You are right that solving problems requires concentration. However, in the ideal world, you should devote separate time slots to (1) learning and (2) problem solving. In Covey terminology, your learning boosts the Production Capacity, while your problem solving time is your Production time. Naturally, you can marry the two slots when problem solving occurs in conditions of information deficit. Incremental reading is an ideal tool for such situations. You can combine the inflow of new information with creative efforts and problem solving while retaining maximum focus on the problem at hand. This is explained in the section Creativity (the association bonus) of the incremental reading manual. You can optimize the degree of monothematic focus by using various tools of incremental reading, esp. Search&Review as well as branch review.

Internet addiction

Internet distractions can indeed be true focus destroyers. However, this is more a matter of self-discipline than an inherent problem associated with SuperMemo. It is up to you to decide if you wish to stray to Facebook or Twitter. Incremental reading may encourage a degree of straying (e.g. to import supplementary material from Wikipedia and/or dictionaries). The whole concept of the priority queue was developed precisely to counteract the cost of such straying. In incremental reading you stray, import, prioritize and ... forget (about the excursion to the web). The whole process can be under your rational control and the web may become an ally rather than an enemy.

Metaphorically speaking, an Internet junkie is constantly distracted with shiny titbits, while incremental reader focuses on fishing for golden knowledge.

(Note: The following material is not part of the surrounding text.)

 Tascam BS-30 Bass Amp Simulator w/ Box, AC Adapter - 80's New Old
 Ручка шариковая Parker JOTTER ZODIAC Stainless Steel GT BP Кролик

Incremental reading boots attention

Incremental reading increases attention by letting you focus on a manageable portions of knowledge without feeling overwhelmed, without straying, without getting stuck on harder material, without worrying that you might miss important pieces when speed-reading, etc. Your best way to experience that improvement is to try incremental reading. However, you should know that the effects will not be instant. You will need to invest a lot of time in learning the tools, and then even more time in honing your strategies and learning about your own memory and reasoning. Few incremental readers become truly enthusiastic in their first year of learning.

Here is the quote from the incremental reading manual:

Incremental reading widely stretches the span of your attention. You will notice that a single paragraph in an article may greatly reduce your enthusiasm for reading. If you stumble against a few frustrating paragraphs, you may gradually develop a dislike of reading a particular article. You may even become fed up with reading for the entire evening. Incremental reading makes it possible to immediately move on to other pieces of information reducing the negative impact of frustration. It also makes it possible to split larger pieces into less intimidating portions. It allows you to read interesting bits before reading the boring bits. Those measures dramatically increase your attention. They also make reading fun. A skilled incremental reader is likely to develop an addiction to learning with all related benefits!

Article quality matters in learning

In incremental reading, you will quickly develop skills needed to instantly differentiate between high quality articles and articles that are full of fluff and wasteful prose. You will indeed fish for catchy headlines, meaningful sections, minimum off-topic commentary, etc. Article quality will determine your ability to employ speed reading, and to quickly prioritize your material. This has nothing to do with instant gratification obtained from social media, instant news, and other net distractions.